Manifold learning

What is a manifold?

Manifolds are multi-dimensional surfaces that could look flat if you're up really really close but from far away are curved. The classic example of a manifold is a torus, or "donut", where you could reshape a coffee mug into a donut by melting it while preserving the essential aspect - the handle or "hole."

The idea behind manifold embedding algorithms is to maintain the high dimensional structure of the manifold, but plot the data in two dimensions.

The math behind these algorithms is actually quite simple. We want to convert each point in high dimensions to a point in two dimensions:

  • High dimensional data of samples $\vec{x}_i$ in $N$-dimensional gene space: $\vec{x}_1, \vec{x}_2, \ldots \vec{x}_N$
  • Low dimensional data $\vec{y}_i = \vec{y}_{i, 1}, \vec{y}_{i, 2}$ (2-dimensional cartesian plane) - $\vec{y}_1, \vec{y}_2, \ldots \vec{y}_N$

Visually, you can think of converting each high $N$-dimensional sample $i$'s gene expression vector $x_i$ to a length 2 vector:

$ \begin{bmatrix} x_{i, 1} \\ x_{i, 2} \\ \vdots \\ x_{i, N} \end{bmatrix} \rightarrow \begin{bmatrix} y_{i, 1} \\ y_{i, 2} \end{bmatrix} $

We'll compare MDS and t-SNE side by side once we get a brief introduction to both.

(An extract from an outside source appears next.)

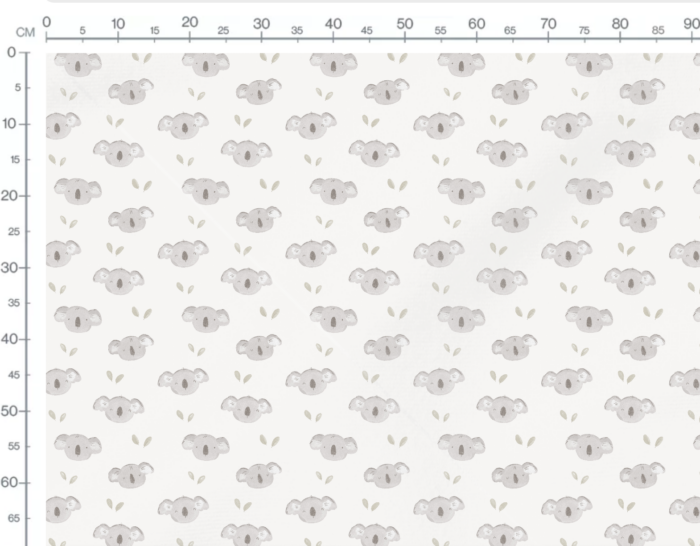 Tissu Imprimé Koala Mignon Tetes, 7 tissus au choix – Image 3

Multidimensional scaling (MDS)

Multidimensional scaling is an algorithm which faithfully maintains all pairwise distances between the points in the dataset.

Whiteboard explanation and discussion

t-distributed Stochastic Neighbor Embedding (t-SNE)

t-SNE is an extension of MDS. In addition to maintaining pairwise distances, t-SNE adds the constraint that things that were far apart in the high-dimensional data should also be far apart in 2d, and that things that are close together in high dimensions should stay close together.

Warnings

  • Do NOT use t-SNE for clustering!! We will explore how t-SNE can arbitrarily push some cells farther away and create what look like clusters but really aren't.
  • t-SNE is merely a visualization technique - it's a way that you can view ONE perspective of your data, but is NOT the final view

Whiteboard explanation and discussion


In [ ]:
import random

In [ ]:
random.random()

In [ ]:
%load_ext autoreload
%autoreload 2

In [ ]:
%matplotlib inline

from decompositionplots import explore_manifold
explore_manifold()

Discussion

While you're playing with the sliders above, discuss the questions below.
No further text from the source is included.